Le Royaume-Uni a dû faire face d’une part à une reprise forte de l’activité au second trimestre 2021 et d’autre part au départ de 30 000 chauffeurs européens (polonais, roumains ou bulgares pour la majeure partie) à cause de la pandémie en 2020 ; en raison du Brexit, ils ne seraient ensuite pas revenus, soit par choix personnel soit par empêchement administratif. Il faut en effet souligner que la profession de chauffeur routier ne fait pas partie de la liste des métiers officiellement en pénurie outre-manche, ce qui bloque de facto l’accès aux nombreux chauffeurs européens qui y travaillaient avant le Brexit. Il manquerait au moins 60 000 chauffeurs, et l’association britannique des transporteurs routiers, la Road Haulage Association (RHA), pousse même l’estimation à 100 000, comme nous l’indiquions dans notre bilan des six premiers mois du Brexit.
Les organisations patronales britanniques (RHA, Logistics UK, …) demandent aujourd’hui un assouplissement des règles de l’immigration. Après avoir tergiversé, le gouvernement de Boris Johnson a accepté de faciliter temporairement la délivrance de visas pour les conducteurs routiers.
L’analyse de l’évolution démographique de la population des conducteurs routiers sur le marché français permet de se rendre compte des mécanismes qui sont à l’œuvre. Selon le rapport 2020 de l’OPTL (Observatoire Prospectif des métiers et des qualifications dans les Transports et la Logistique), le nombre de conducteurs routiers en France dans le transport routier de marchandises (TRM) s’établissait à environ 300 000 fin 2019, dont 3% de femmes. En dix ans, le secteur a connu un vieillissement des effectifs, plus marqué chez les conducteurs du transport routier de voyageurs, mais tangible aussi dans le transport de marchandises. La tranche des 50-57 ans domine nettement.

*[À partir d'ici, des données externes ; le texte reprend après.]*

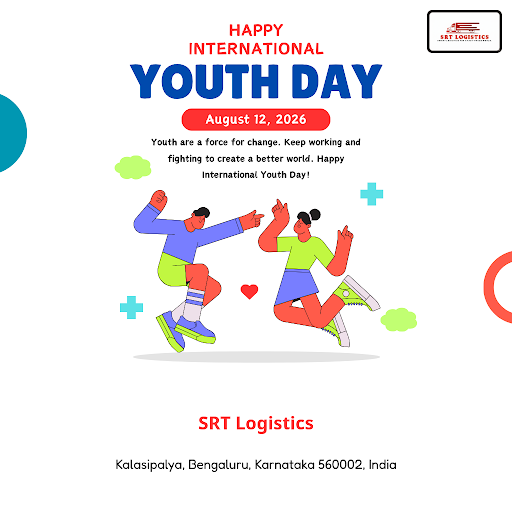 Celebrating International Youth Day with gratitude for the energy and innovation youth bring. At…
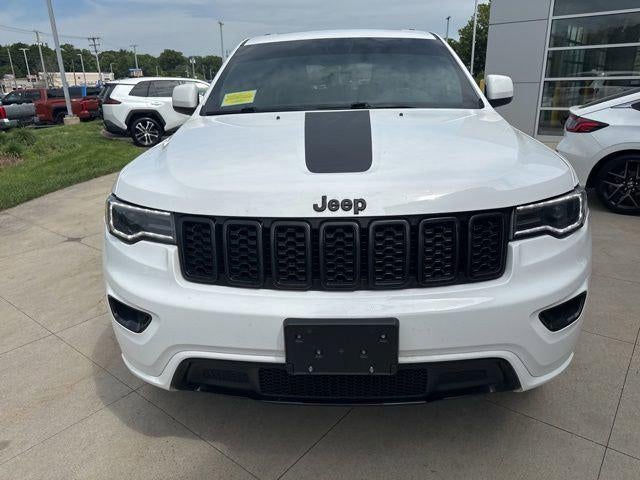 2021 Jeep Grand Cherokee Laredo X 4x4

Le taux de renouvellement (ratio nombre de salariés de +50 ans / nombre total de salariés), qui reflète les départs en retraite théoriques potentiels dans les douze prochaines années, s’élevait à 36% dans le TRM à fin 2019, soit environ 110 000 chauffeurs à recruter pour la simple compensation des départs. Le taux de relève, c’est-à-dire le ratio salariés de moins de 30 ans / salariés de plus de 50 ans, qui s’élève à 0,36, est également bien plus bas que dans le reste de l’économie (0,84).
Ces explications chiffrées semblent transposables aux marchés polonais, allemands et européens en général. Il y a un vieillissement des populations de chauffeurs en Europe et un manque d’attractivité évident. Le métier ne séduit plus les jeunes générations. D’une part, la liberté, ou plus exactement l’autonomie, qui pouvait constituer l’un des attraits du métier, a été quelque peu limitée par le déploiement de la géolocalisation. D’autre part, travailler loin de son foyer et s’y poser moins d’une fois par mois voire une fois tous les 2 mois pour les chauffeurs internationaux longue distance est de plus en plus vécu comme un sacrifice.
Au-delà de la question des salaires, le rapport de force pourrait tourner également à l’avantage des chauffeurs routiers pour demander des améliorations des conditions de travail. "En raison des bas salaires, les chauffeurs sont contraints de faire de longues semaines de 60 heures et plus. Ces longues semaines de travail sans repos font que des chauffeurs décrochent ou vont travailler dans d'autres secteurs", argumente l’Union Belge du Transport. Cette amélioration des conditions de travail est l’un des objectifs du Paquet Mobilité. À ce titre, il sera intéressant d’analyser l’impact de l’entrée en vigueur, en février prochain, des dispositions sur le détachement des conducteurs et le cabotage.